**AVAILABLE DATA**
----------------
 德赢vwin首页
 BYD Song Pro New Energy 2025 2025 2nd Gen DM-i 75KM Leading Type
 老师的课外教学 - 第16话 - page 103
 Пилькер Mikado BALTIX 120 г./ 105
----------------
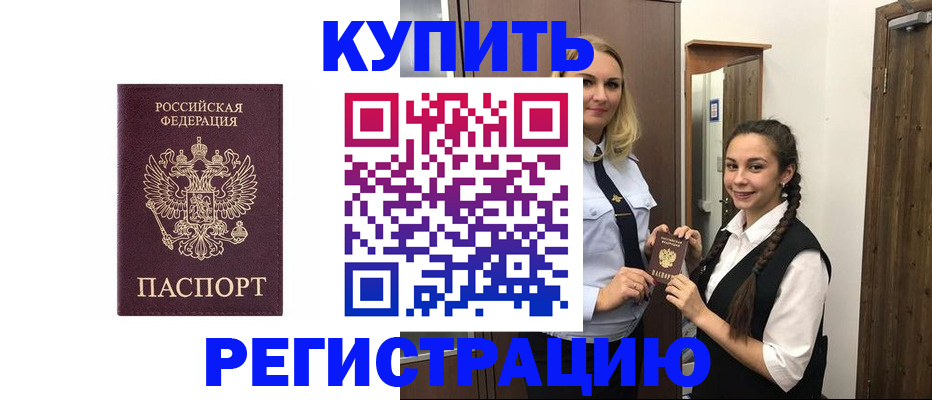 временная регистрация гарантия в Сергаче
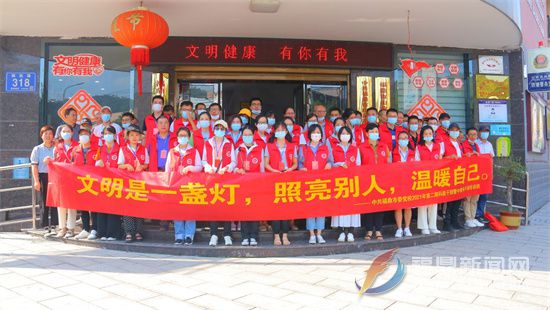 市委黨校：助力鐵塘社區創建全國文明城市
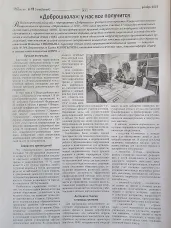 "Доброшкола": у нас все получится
----------------
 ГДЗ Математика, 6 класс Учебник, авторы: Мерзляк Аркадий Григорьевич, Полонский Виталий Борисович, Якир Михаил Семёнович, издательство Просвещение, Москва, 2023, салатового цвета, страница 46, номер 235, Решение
----------------
**TASK ITEM**
The listing above holds a line with "BYD Song Pro" and a line with "Пилькер Mikado BALTIX 120 г./ 105". Print the stretch from the first through the second, exactly and alone.

**REPLY**
 BYD Song Pro New Energy 2025 2025 2nd Gen DM-i 75KM Leading Type
 老师的课外教学 - 第16话 - page 103
 Пилькер Mikado BALTIX 120 г./ 105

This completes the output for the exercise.